Evidence for the cooperative mechanism has been scarce to absent¹². The near match between the energy of the Tm^{3+ 1}G₄ level and double the energy of the Yb^{3+ 2}F_5/2 level suggests the possibility of cooperative energy transfer^21,22,23, but this alone is not proof. In fact, the observation of strong Yb³⁺ emission in a sample with an Yb³⁺ doping concentration as low as a few percent^21,22,23 is inconsistent with cooperative energy transfer. Indeed, efficient cooperative energy transfer occurs only if a Tm³⁺ ion is in nearest-neighbour proximity to two Yb³⁺ ions in the crystal, which is unlikely unless the Yb³⁺ doping concentration exceeds ~25%⁸.

An alternative Tm³⁺-to-Yb³⁺ energy-transfer mechanism could be cross-relaxation (Fig. 1e)^12,32: Tm³⁺ in the excited ¹G₄ level transfers part of its energy to a nearby Yb³⁺ ion. Tm³⁺ thereby relaxes to the intermediate ³H₅ level and Yb³⁺ is excited to the ²F_5/2 level. Although Yb³⁺ can subsequently emit a photon that can be absorbed by crystalline Si, the energy of the ³H₅ level (8500 cm⁻¹) is lower than the bandgap of Si. Hence, Tm³⁺-to-Yb³⁺ cross-relaxation yields at most one useful photon (Fig. 1f) for Si-based photovoltaics.

Tm³⁺-to-Yb³⁺ cross-relaxation may seem unlikely, as the energy mismatch between the Tm^{3+ 1}G₄ → ³H₅ and Yb^{3+ 2}F_7/2 → ²F_5/2 transitions is as large as 2000–3000 cm⁻¹ (compare Fig. 1a, b)³¹. This energy mismatch could, however, be bridged by multiphonon emission. As multiphonon processes generally become less efficient as the number of phonons involved increases²⁸, one may expect a strong effect of the host material on the occurrence of cross-relaxation. To test and exploit this, we investigated the Tm³⁺-to-Yb³⁺ energy transfer in a series of host materials with different phonon energies (Fig. 1g–j). Specifically, we prepared microcrystalline Tm³⁺/Yb³⁺-codoped YBO₃ (Fig. 1a, b, g; highest phonon energy of 1050 cm⁻¹)^33,34, YAG (Fig. 1h; 860 cm⁻¹)^35,36, Y₂O₃ (Fig. 1i; 600 cm⁻¹)³⁷, and NaYF₄ (Fig. 1j; 370 cm⁻¹)³⁸. In these materials, Tm³⁺-to-Yb³⁺ cross-relaxation would be a two-phonon-, three-phonon-, four-phonon-, or six-phonon-assisted process, respectively, considering a mismatch of ~2000 cm⁻¹ between the closest crystal-field components of the transitions involved (see Fig. 1a). A series of samples was prepared for each material with systematically varied Yb³⁺ concentration. The Tm³⁺ concentrations were chosen to be low enough to minimize Tm³⁺-to-Tm³⁺ cross-relaxation^39,40 but sufficiently high to obtain a sufficient luminescence signal. X-ray diffraction (XRD) analysis (Supplementary Fig. S1, Supplementary Information) confirmed the synthesis of phase-pure samples for all Yb³⁺ concentrations. The different crystallite sizes (Fig. 1g–j) in the range of 100 nm–1 μm have negligible influence on the energy-transfer interactions, because these occur mostly at distances of 1 nm and shorter. We have previously found only minor influences of the crystal size even for particles as small as 2 nm in radius⁴¹.
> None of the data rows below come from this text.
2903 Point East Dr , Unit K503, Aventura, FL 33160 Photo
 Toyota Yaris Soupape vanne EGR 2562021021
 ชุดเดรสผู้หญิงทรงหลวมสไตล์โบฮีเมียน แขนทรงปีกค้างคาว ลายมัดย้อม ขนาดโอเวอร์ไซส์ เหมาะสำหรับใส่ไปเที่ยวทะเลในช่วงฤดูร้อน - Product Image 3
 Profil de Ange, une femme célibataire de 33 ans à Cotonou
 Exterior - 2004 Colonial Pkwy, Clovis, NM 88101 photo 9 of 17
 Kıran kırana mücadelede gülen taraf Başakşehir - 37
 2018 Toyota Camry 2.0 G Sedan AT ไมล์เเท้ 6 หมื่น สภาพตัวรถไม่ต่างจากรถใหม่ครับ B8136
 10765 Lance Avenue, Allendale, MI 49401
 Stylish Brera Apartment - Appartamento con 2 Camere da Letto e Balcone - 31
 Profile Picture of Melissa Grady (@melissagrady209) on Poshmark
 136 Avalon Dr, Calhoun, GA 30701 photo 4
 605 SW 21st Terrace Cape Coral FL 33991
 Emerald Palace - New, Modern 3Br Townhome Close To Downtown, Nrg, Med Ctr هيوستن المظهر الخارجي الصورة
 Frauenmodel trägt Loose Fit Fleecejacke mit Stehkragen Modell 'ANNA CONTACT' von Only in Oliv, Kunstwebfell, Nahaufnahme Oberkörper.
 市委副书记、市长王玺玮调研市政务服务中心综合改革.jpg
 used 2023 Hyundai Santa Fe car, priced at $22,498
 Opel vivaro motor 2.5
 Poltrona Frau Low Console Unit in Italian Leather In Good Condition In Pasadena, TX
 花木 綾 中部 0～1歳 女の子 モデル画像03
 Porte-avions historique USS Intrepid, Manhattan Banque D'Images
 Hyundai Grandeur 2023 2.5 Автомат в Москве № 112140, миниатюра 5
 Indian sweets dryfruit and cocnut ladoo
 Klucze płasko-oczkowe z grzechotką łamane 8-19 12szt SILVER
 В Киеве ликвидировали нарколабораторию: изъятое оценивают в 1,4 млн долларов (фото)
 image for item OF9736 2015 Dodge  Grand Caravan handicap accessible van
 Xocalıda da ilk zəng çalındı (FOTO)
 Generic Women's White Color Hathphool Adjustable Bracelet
The emission spectra of the four Tm³⁺/Yb³⁺-codoped materials are qualitatively similar (Fig. 2a–d). All four materials show an emission feature centred at 12,500 cm⁻¹ that is strongest at 0% Yb³⁺ (dark red) and becomes weaker for higher Yb³⁺ concentrations (from red to blue/purple). This emission originates from the ¹G₄ → ³H₅ and ³H₄ → ³H₆ transitions of Tm³⁺ (compare Fig. 1a). The decreasing intensity is further confirmation of Tm³⁺-to-Yb³⁺ energy transfer, which becomes more efficient at higher Yb³⁺ concentrations. Indeed, the emission feature at ~10,000 cm⁻¹, due to the Yb^{3+ 2}F_5/2 → ²F_7/2 transition (compare Fig. 1a), increases in intensity with increasing Yb³⁺ concentration in all materials. However, for the highest Yb³⁺ concentrations (>10% in Fig. 2a–c or >25% in Fig. 2d), the emission at 10,000 cm⁻¹ is partly quenched. We ascribe this to concentration quenching. The line shapes of Tm^{3+ 1}G₄ → ³H₅, Tm^{3+ 3}H₄ → ³H₆, and Yb^{3+ 2}F_5/2 → ²F_7/2 are different for the four materials but consistent with previous literature reports^42,43. The differences are due to the different crystal fields experienced by the optically active lanthanides, which split the spin–orbit levels and affect the transition energies and rates differently in each material.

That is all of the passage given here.